** Opening DATA TO PROCESS block **
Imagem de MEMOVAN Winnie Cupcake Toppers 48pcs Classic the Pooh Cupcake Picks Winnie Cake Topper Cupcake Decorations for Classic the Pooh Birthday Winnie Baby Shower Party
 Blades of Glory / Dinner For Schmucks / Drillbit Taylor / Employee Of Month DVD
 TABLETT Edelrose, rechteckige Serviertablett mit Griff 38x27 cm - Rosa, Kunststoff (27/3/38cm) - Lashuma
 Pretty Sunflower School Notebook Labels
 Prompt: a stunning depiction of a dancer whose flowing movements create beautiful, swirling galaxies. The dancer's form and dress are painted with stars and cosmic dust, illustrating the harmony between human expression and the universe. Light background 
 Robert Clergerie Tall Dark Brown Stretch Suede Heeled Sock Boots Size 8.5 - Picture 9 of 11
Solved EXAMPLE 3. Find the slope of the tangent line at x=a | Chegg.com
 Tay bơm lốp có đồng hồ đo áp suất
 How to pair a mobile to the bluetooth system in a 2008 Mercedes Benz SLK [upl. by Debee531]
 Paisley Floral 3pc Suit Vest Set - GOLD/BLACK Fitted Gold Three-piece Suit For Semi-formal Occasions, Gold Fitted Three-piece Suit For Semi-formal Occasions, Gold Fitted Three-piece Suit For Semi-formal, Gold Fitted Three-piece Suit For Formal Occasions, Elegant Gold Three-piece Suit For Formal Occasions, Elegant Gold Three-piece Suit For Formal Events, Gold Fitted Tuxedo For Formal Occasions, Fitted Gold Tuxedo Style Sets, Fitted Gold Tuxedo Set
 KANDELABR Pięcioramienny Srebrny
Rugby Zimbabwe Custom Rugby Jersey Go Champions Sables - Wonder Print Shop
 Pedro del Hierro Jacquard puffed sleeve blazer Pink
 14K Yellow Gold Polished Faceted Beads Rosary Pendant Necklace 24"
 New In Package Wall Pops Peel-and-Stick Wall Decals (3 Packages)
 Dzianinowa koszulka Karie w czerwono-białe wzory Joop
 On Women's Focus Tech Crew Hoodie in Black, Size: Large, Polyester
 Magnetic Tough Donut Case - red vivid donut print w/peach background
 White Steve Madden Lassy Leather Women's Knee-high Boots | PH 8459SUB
** Closing DATA TO PROCESS block **
## YOUR GOAL
The answer must be an exact copy of the lines from the one containing "Magnetic Tough Donut" through the last line of the records, both included.

## TASK SOLUTION
 Magnetic Tough Donut Case - red vivid donut print w/peach background
 White Steve Madden Lassy Leather Women's Knee-high Boots | PH 8459SUB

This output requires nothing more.